Ex-president Akbar Hashemi Rafsanjani's entry in the race upset calculations because of his popularity, reputation and potential to draw voters away from conservatives.
Mr Rafsanjani is 78. Opponents claim that he is too old to run the country, and the body that must decide who can run in the June 14 election indicated it agrees - as a way of removing the threat to Iran's hard-liners.
Abbas Ali Kadkhodaei, spokesman of the Guardian Council that vets election candidates, said the council will not allow candidates who are limited in their physical abilities."If a person is able to work only few hours a day, it's natural that he can't be approved," he said.
The unexpected entry of Mr Rafsanjani into the race has cut into chances of victory for a candidate loyal to Iran's Supreme Leader Ayatollah Ali Khamenei in the June 14 vote. There is also widespread speculation in Iranian media that Esfandiar Rahim Mashaei, president Mahmoud Ahmadinejad's close confidant, will be barred from running.
Mr Ahmadinejad cannot run for another term as president according to limits under Iran's constitution. Instead, he has been trying to ensure that a loyalist succeeds him.
Hard-liners accuse Mr Mashaei of being the leader of a "deviant current" that seeks to undermine Islamic rule and compromise the Islamic system. Some critics have even claimed he conjured black magic spells to fog Mr Ahmadinejad's mind.
Given Mr Mashaei's role in a messy power struggle he is likely to be barred, but Mr Rafsanjani is seen as too respected to be disqualified. He is a founder of the 1979 Islamic revolution that brought the clerics to power. He was the closest confident of Ayatollah Ruhollah Khomeini, spiritual leader of the 1979 revolution. Even Mr Khamenei largely owes his position to Mr Rafsanjani's support.

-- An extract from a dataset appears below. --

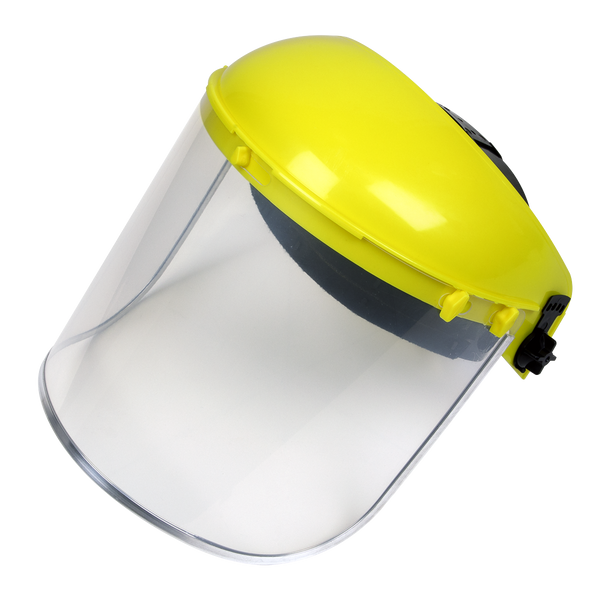 Sealey SSP10E ⏐ Worksafe® Brow Guard with Full Face Shield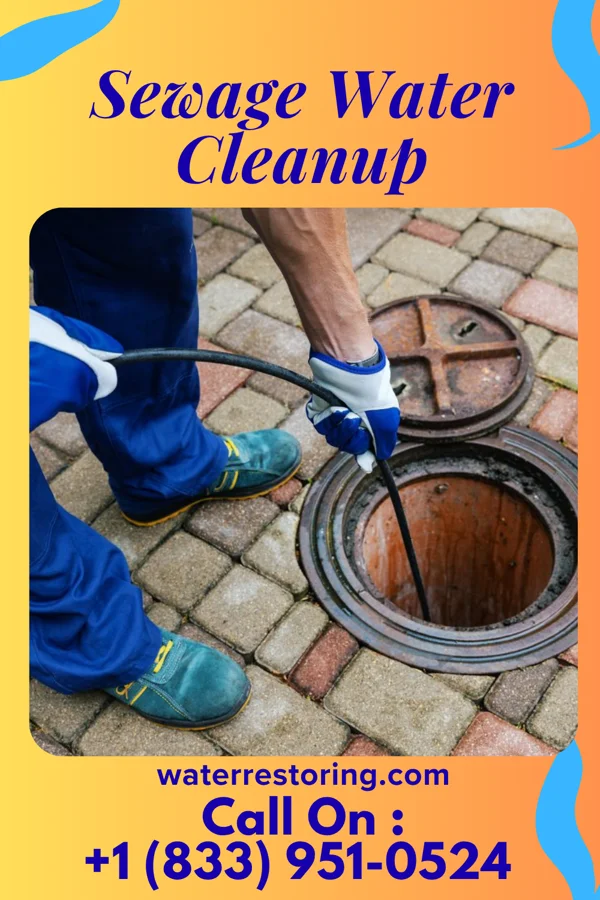 Sewage Water Cleanup in Corinth, MS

A government crackdown in 2009 put an end to street protests, but Mr Rafsanjani remained critical over the way the ruling system dealt with the crisis.
Political analyst Saeed Leilaz said the organised campaign to discredit Mr Rafsanjani reflects hard-liner concerns over his electoral strength. "They are shouting because their candidates can't beat Rafsanjani. If Rafsanjani is weak and doesn't enjoy popular support, why are they so angry?" he said.